Trusts For A Lifetime

In various posts we have talked about the use of trusts – revocable trusts to manage assets and avoid probate, generation skipping trusts to benefit descendants of several generations, irrevocable trusts to remove life insurance from your taxable estate, special needs trusts for disabled beneficiaries, to name just a few. As a side benefit most trusts help to protect the assets in the trust from the beneficiary’s creditors.

A trust can be written to hold the assets until a beneficiary reaches a certain age, or to distribute the assets in percentages when the beneficiary reaches specified ages.  The thinking behind this “age based” distribution is that a beneficiary may not be able to handle the principal at a young age, but should be able to as she grows older.  But in almost all cases, I advise my clients to create the trust to last for the lifetime of the beneficiary. The beneficiary may not be more skillful at handling money or become more reliable as she grows older, and creditors may have claims at any time during the beneficiary’s life.

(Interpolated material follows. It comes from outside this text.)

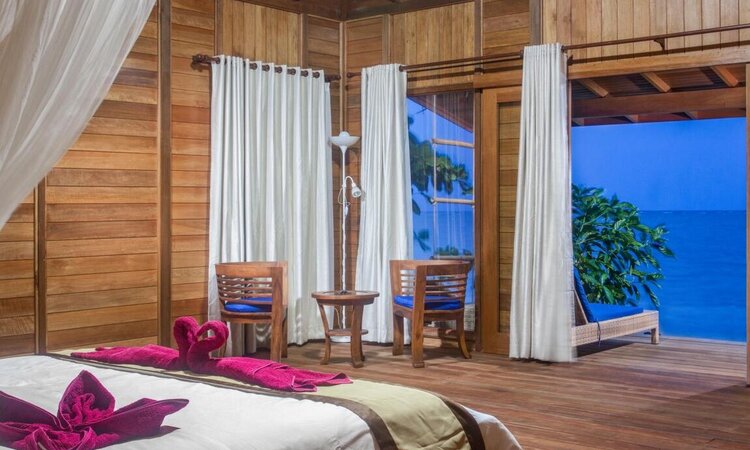  Sali Bay Resort - Molukken: Villa von innen mit Meerblick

Often clients react: “But I want my son/daughter to be able to use the inheritance.”  I explain that the beneficiary will have access to the funds if the trust has a distribution standard allowing the trustee to distribute principal for health, support or education.  In fact, the beneficiary can act as her own trustee, giving her the right to invest the funds as she wishes, and make distributions for her needs.

Moreover, the beneficiary can be given what is called a “power of appointment” to name in her Will the people who will receive any trust assets remaining at her death.  The power of appointment gives the beneficiary the same power as she would have had, had the inheritance been given to her outright. The power to say who gets the property is just short of ownership.

And you can limit the power of appointment.  Say you don’t want your daughter to give any balance of the trust to her nephew, with whom she is close, because he is estranged from the rest of the family. You can limit the power of appointment to allow her to distribute the trust assets at her death to anyone other than the nephew, or to only your direct descendants, or only among her then surviving siblings. You can make the power broad or narrow, and tailor it to the family situation.

Because trusts can be written with (almost) as much flexibility as you want, I see no reason not to use a trust for the life of the beneficiary. And a broad power of appointment can give your beneficiary the control she would otherwise have to pass the assets on to someone else.